Any one know where I can get some gills for my kids, I was told they will stay moving on clear to breed soon but no one knows where I can get to them from shore.


----------



## williamjr27 (Sep 26, 2013)

Spencer lake, crappie too. Use a green trout worm with bobber and split shot. Cast with slow retrieve Kills them!

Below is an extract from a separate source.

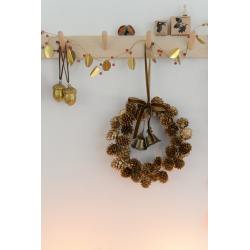 ShiShi lärchenzapfen kranz glocken wunderschoen-gemacht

Sent from my LG-LS970 using Ohub Campfire mobile app


----------



## kamikazil (Jul 11, 2009)

williamjr27 said:


> Spencer lake, crappie too. Use a green trout worm with bobber and split shot. Cast with slow retrieve Kills them!
> 
> Sent from my LG-LS970 using Ohub Campfire mobile app


thanks, is a green trout worm same as the nitro worms?


----------



## williamjr27 (Sep 26, 2013)

These are not live bait, I believe Berkley makes them? I get them from gander mountain, dicks and Wal-Mart do not carry them. I'll post a pic later if I can,

Sent from my LG-LS970 using Ohub Campfire mobile app


----------



## kamikazil (Jul 11, 2009)

williamjr27 said:


> These are not live bait, I believe Berkley makes them? I get them from gander mountain, dicks and Wal-Mart do not carry them. I'll post a pic later if I can,
> 
> Sent from my LG-LS970 using Ohub Campfire mobile app


Ok figured out what they are but what size and brand?


----------



## williamjr27 (Sep 26, 2013)

Sent from my LG-LS970 using Ohub Campfire mobile app


----------



## williamjr27 (Sep 26, 2013)

They come as one long piece, break them off where they become narrow.

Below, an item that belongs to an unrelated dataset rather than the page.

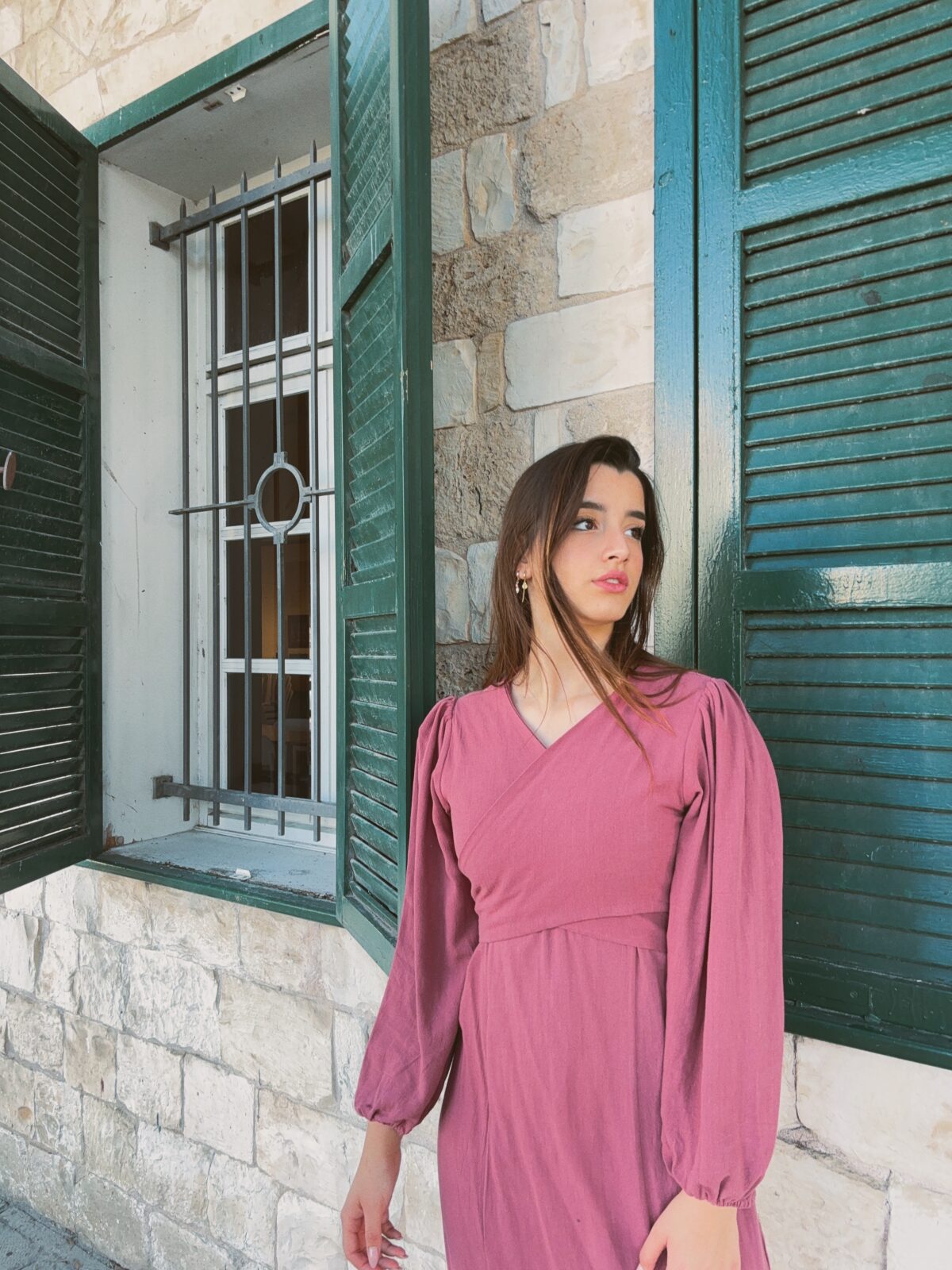 ⁦שמלת מעטפת נינה בורדו⁩ – תמונה ⁦6⁩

Sent from my LG-LS970 using Ohub Campfire mobile app


----------



## kamikazil (Jul 11, 2009)

williamjr27 said:


> Sent from my LG-LS970 using Ohub Campfire mobile app


Thank you, since I'm such a newb with those what size hooks do you use. I'm going to hit spencer some time this weekend.


----------



## williamjr27 (Sep 26, 2013)

Either a #6 or #8. I hook them just like a jig. Fish parallel with the bank for Big ones

Sent from my LG-LS970 using Ohub Campfire mobile app


----------



## StarkFisherman (May 17, 2008)

Aside from Nimi and Mogadore, are there anymore lakes around with high population gills along with size?


----------



## GasFish26 (Aug 15, 2012)

Try boettler park 

Long lake

Spencer lake 


Posted using Outdoor Hub Campfire


----------



## ohiotuber (Apr 15, 2004)

Here's a little "diamond" for you.
Medina County Parks have 2 locations that have each yielded 11 inchers for me along with a decent number of 9" plus 'gills... River Styx Park between Wadsworth & Medina, and Hubbard Valley off Rt 3 just north off new 224. All my 'gills in both lakes have been caught from shore.

Hint for River Styx...when the grass carp move through an area, have a smoke or drink after they move on, then fish that area where they have rustled up a lot of "bluegill feed" out of those weed beds they just plowed through. That has always worked for me. Good luck!

Mike


----------